At its Nov. 18 regular meeting, the Sierra Vista Unified School District board heard results of a third-year parent and staff perception survey presented by Darren of School Perceptions. The presenter said 388 parents took the parent survey (an 11% participation rate) and 253 employees completed the staff survey (51% participation). "You had 388 parents take the survey for an 11% participation rate," the presenter stated while reviewing the district's parent data.
The presenter summarized that all five parent index areas and all five staff index areas improved compared with the prior year. He called out specific gains: "My child gets help when they need it" rose about 6.4 percentage points; parental satisfaction with how the district addresses bullying rose 6.1 points; communication scores rose about 5%; and on the staff side, respondents reported a 12.5% improvement in perceptions that discipline policies are effective. He also said the district's Net Promoter–style recommendation score rose from 6.78 to 7.04, with more than one in four parents giving a perfect 10.
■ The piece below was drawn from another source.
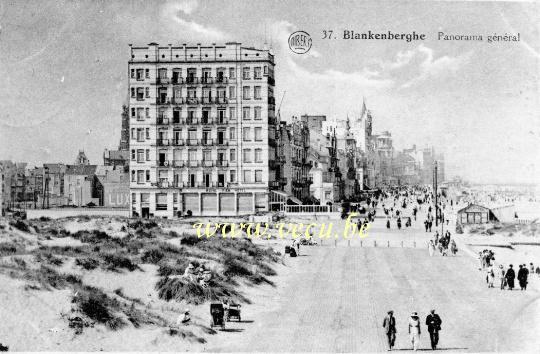 ancienne carte postale de Blankenberge Panorama général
Board members asked about the few questions that regressed (notably around pay, materials and professional development). The presenter offered to perform a deeper automated comment analysis of open-text responses and return findings to district leadership: "We can go back and we can drill down in the comments and try to find some themes that tell the story in more detail about why scores have regressed," he said. The presenter recommended focusing future work on the top priorities parents selected when asked to "live in your shoes": recruiting and retaining high-quality staff, school security, and career/technical preparation.
The presentation included building-level and subcategory breakdowns (by grade and student support program) that the presenter said district leadership would receive for further review. Board members praised the overall results and thanked staff. The board did not take a vote on the presentation; the presenter said he would follow up after the Thanksgiving break with a deeper comment analysis if requested.